Then I told them where to put the two vehicles and where to set up shop and sent Onesime across the field to cross the two roads and get into the shuttered estaminet and find out what had gone through on the escape-route road.

Quite a little had gone through, always on the road to the right. I knew plenty more had to come through and I paced the distances back from the road to the two traps we had set up. We were using Kraut weapons so the noise would not alarm them if anyone heard the noise coming up on the cross roads. We set the traps well beyond the cross roads so that we would not louse up the cross roads and make it look like a shambles. We wanted them to hit the cross roads fast and keep coming.

"It is a beautiful guet-apens," Claude said and Red asked me what was that. I told him it was only a trap as always. Red said he must remember the word. He now spoke his idea of French about half the time and if given an order perhaps half the time he would answer in what he thought was French. It was comic and I liked it.

It was a beautiful late summer day and there were very few more to come that summer. We lay where we had set up and the two vehicles covered us from behind the manure pile. It was a big rich manure pile and very solid and we lay in the grass behind the ditch and the grass smelled as all summers smell and the two trees made a shade over each trap. Perhaps I had set up too close but you cannot ever be too close if you have fire power and the stuff is going to come through fast. One hundred yards is all right. Fifty yards is ideal. We were closer than that. Of course in that kind of thing it always seems closer.

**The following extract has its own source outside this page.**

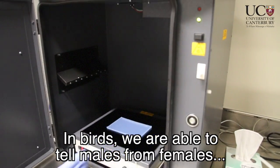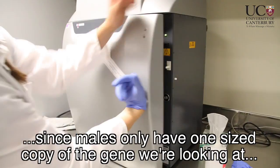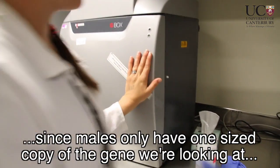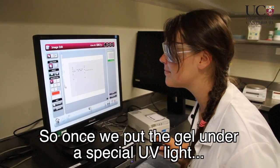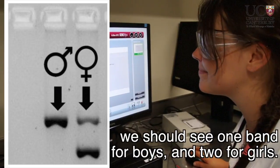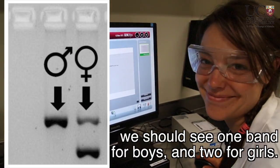In birds, we are able to tell males from females, since males only have one sized copy of the gene we're looking at, and females have two different sizes. So once we put the gel under a special UV light, we should see one band for boys and two for girls.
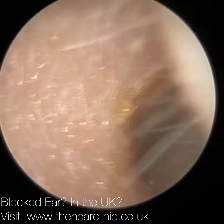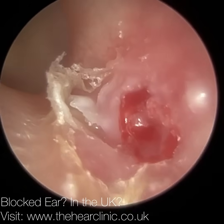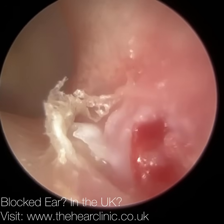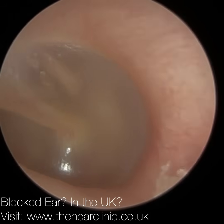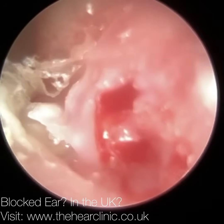This follows on from yesterday's video where I had patients with some erosions. So in the mid part of the bony part of the ear canal — we call this the pars media on the inferior canal wall — you can see there's an erosion here. There is some dead skin but there's inflamed tissue, vascularization, some granulation tissue, and some inflammatory tissue.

Some people would disagree with this setup. But we had to figure to get out and back and keep the road as clean looking as possible. There was nothing much you could do about vehicles, but other vehicles coming would normally assume they had been destroyed by aircraft. On this day, though, there was no aircraft. But nobody coming would know there had not been aircraft through here. Anybody making their run on an escape route sees things differently too.

"Mon Capitaine," Red said to me. "If the point comes up they will not shoot the shit out of us when they hear these Kraut weapons?"

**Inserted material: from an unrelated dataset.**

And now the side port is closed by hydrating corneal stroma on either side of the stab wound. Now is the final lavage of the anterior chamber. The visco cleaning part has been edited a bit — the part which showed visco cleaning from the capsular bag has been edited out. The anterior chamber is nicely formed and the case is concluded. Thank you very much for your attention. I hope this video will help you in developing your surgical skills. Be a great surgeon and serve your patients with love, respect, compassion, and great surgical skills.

"We have observation on the road where the point will come from the two vehicles. They'll flag them off. Don't sweat."

"I am not sweating," Red said. "I have shot a proved collaborator. The only thing we have killed today and we will kill many Krauts in this setup. Pas vrai, Onie?"

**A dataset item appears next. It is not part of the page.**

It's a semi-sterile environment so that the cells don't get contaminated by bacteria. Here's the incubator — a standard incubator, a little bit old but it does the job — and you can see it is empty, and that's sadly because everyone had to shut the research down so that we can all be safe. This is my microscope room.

Onesime said, "Merde" and just then we heard a car coming very fast. I saw it come down the beech-tree bordered road. It was an overloaded grey-green camouflaged Volkswagen and it was filled with steel-helmeted people looking as though they were racing to catch a train. There were two aiming stones by the side of the road that I had taken from a wall by the farm, and as the Volkswagen crossed the notch of the cross roads and came toward us on the good straight escape road that crossed in front of us and led up a hill, I said to Red, "Kill the driver at the first stone." To Onesime I said, "Traverse at body height."

The Volkswagen driver had no control of his vehicle after Red shot. I could not see the expression on his face because of the helmet. His hands relaxed. They did not crisp tight nor hold on the wheel. The machine gun started firing before the driver's hands relaxed and the car went into the ditch spilling the occupants in slow motion. Some were on the road and the second outfit gave them a small carefully hoarded burst. One man rolled over and another started to crawl and while I watched Claude shot them both.

"I think I got that driver in the head," Red said.

"Don't be too fancy."

"She throws a little high at this range," Red said. "I shot for the lowest part of him I could see."

"Bertrand," I called over to the second outfit. "You and your people get them off the road, please. Bring me all the Feldbuchen and you hold the money for splitting. Get them off fast. Go on and help, Red. Get them into the ditch."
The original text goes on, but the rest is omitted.